CULTURA – Monogamia e patrilinearità: attestate già nel Neolitico

Nel marzo 2020 su La Lampadina ho pubblicato un articolo dal titolo “Ma è vero che siamo tutti parenti?” E che riportava la notizia di studi fatti sul DNA mitocondriale (che si trasmette di madre in figlia) e sul cromosoma Y (che si trasmette per via maschile), studi che accerterebbero che tutti gli attuali abitanti del pianeta avrebbero un padre e una madre comuni (anche se non vissuti contemporaneamente).
Questo tipo di indagine genetica è stato fatto sui resti di 128 individui sepolti  a Gurcy, una località della Francia a sud di Parigi in un lasso di tempo che va dal 4800 al 4500 a.C. Siamo in epoca neolitica in un periodo nel quale nelle nostre latitudini l’introduzione dell’agricoltura aveva determinato un radicale cambiamento di ‘stile di vita’: da ‘nomade’, caratteristico dei cacciatori-raccoglitori a ‘sedentario’.
Su 94 dei 128 resti è stato possibile estrarre il DNA. Di questi, 63 sono riuniti in un unico albero genealogico che copre un arco di sette generazioni e 12 in un altro albero genealogico che copre 5 generazioni.
Cosa si è scoperto?

  • La comunità seppellita in quel luogo era patrilineare. Tutte le filiazioni sono legate ai padri.
  • Le donne che sono nate sul sito, tranne rare eccezioni, hanno lasciato la comunità e non sono sepolte in quel luogo
  • Le donne presenti nell’albero genealogico – le madri – provengono tutte dall’esterno, cioè da altre comunità.

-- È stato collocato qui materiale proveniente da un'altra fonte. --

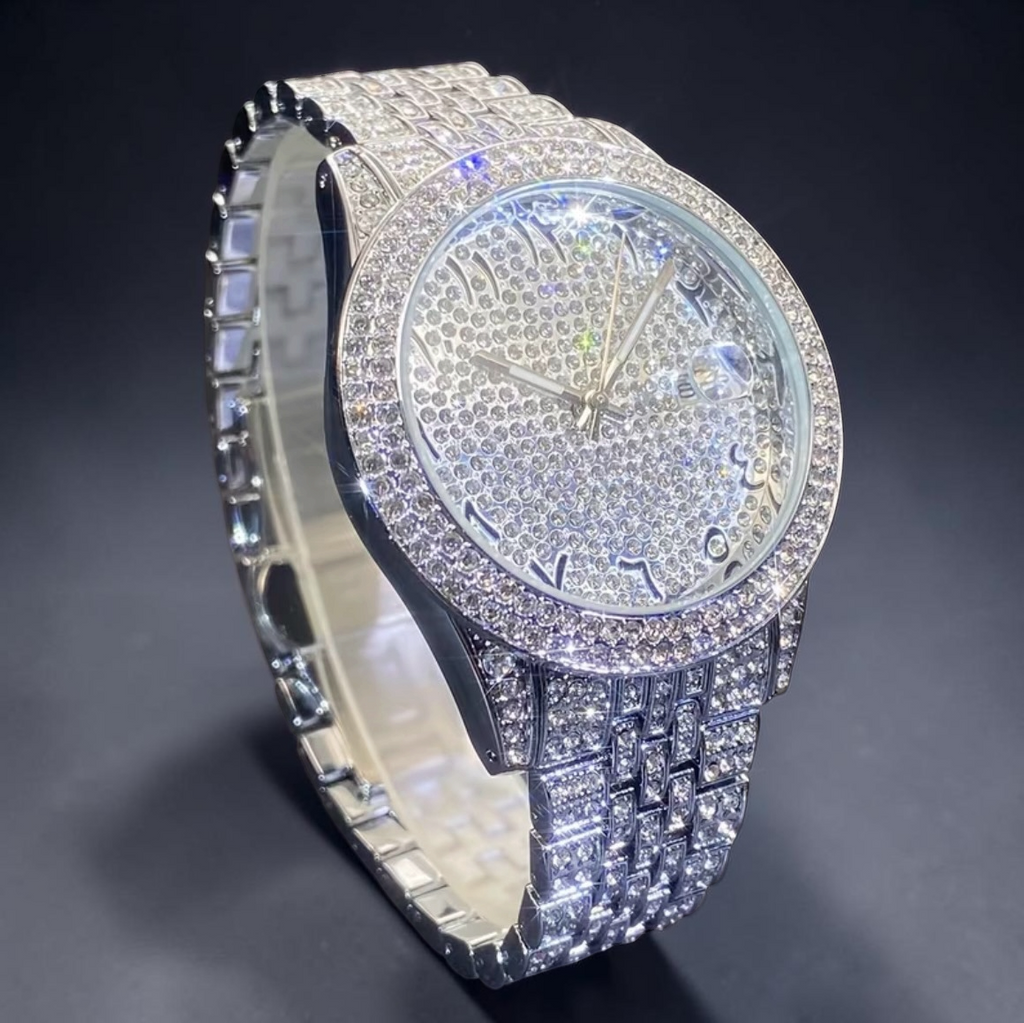 Crystal Iced Out Luxury Watch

Si evitava la endogamia della quale evidentemente erano noti i problemi che comportava.
  • Le donne che provengono dall’esterno non sono imparentate tra loro, cioè provengono da comunità diverse. Questo presuppone l’esistenza di una rete di relazioni tra varie comunità, (scoperta straordinaria se si considera che si valuta che intorno al 5.000 aC la popolazione dell’intero territorio francese non superasse 1 milione di individui).
  • Gli uomini erano monogami. Avevano una sola moglie. E anche se questa fosse morta di parto – cosa che è molto verosimile accadesse in quel periodo – non ricorrevano a una seconda unione. Erano anche ‘fedeli’ alla propria compagna. Questa caratteristica è attestata dal fatto che tra i resti non ci sono fratellastri o sorellastre.

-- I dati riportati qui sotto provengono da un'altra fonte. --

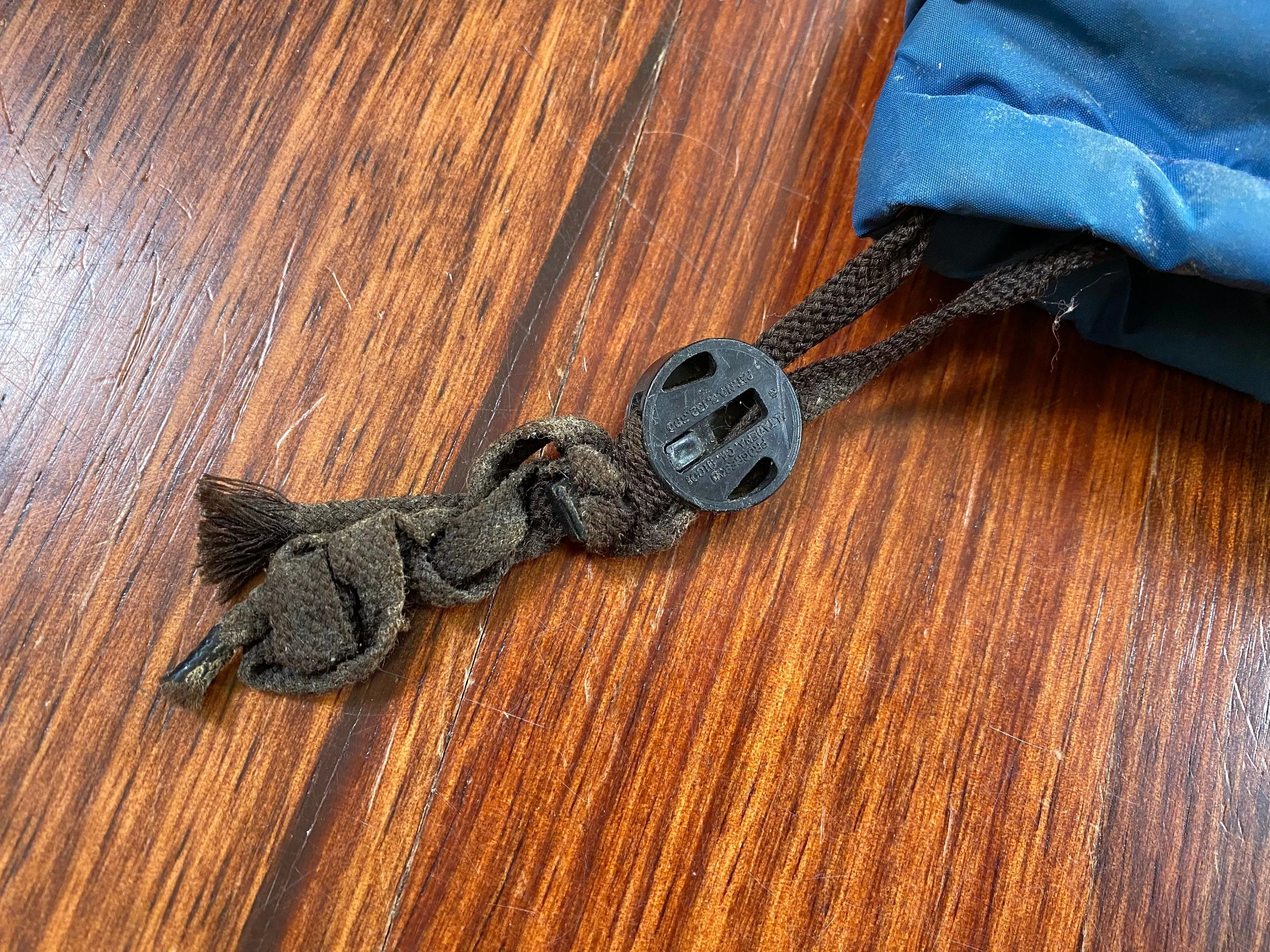 Vintage 1979 Down Peak Goose Down Blue Puffer Coat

Dunque patrilinearità e monogamia, nei nostri territori, sono ‘naturali’ e hanno radici antichissime!
Sui resti sono stati fatti anche studi chimici che permettono di stabilire in quale zona si è cresciuti (il tipo di stronzio – un elemento chimico – che si trova nei denti dipende dalla località nella quale i denti si sono formati). Questi studi hanno mostrato che il capostipite e la prima generazione dovevano provenire da zona diversa da quella del ritrovamento. Questa osservazione associata al fatto che i resti coprono un periodo relativamente breve di tempo e che nelle ultime generazioni ci siano soprattutto resti di giovani inducono a ipotizzare che la comunità si sia installata in quella località per un periodo di tempo limitato. Le ipotesi fatte per questo tipo di comportamento sono due: o che l’habitat fosse costituito da materiale deperibile che avrebbe sospinto a installarsi altrove o che le pratiche agricole rudimentali dell’epoca portassero all’esaurimento della fertilità dei terreni e quindi alla necessità di spostarsi in altra località.

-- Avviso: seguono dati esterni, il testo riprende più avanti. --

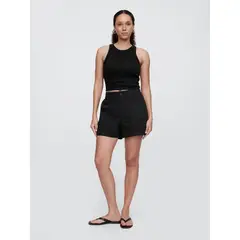 GAP - Short Mujer 4" Twill Negro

Questi studi genetici, decisamente affascinanti, scatenano desideri di approfondimento circa le proprie origini. In questo contesto segnalo che esistono delle organizzazioni che a partire dal proprio DNA, che deve essere loro inviato con una procedura abbastanza semplice, sono in grado di dire a grandi linee da quali regioni del pianeta provengono i nostri antenati.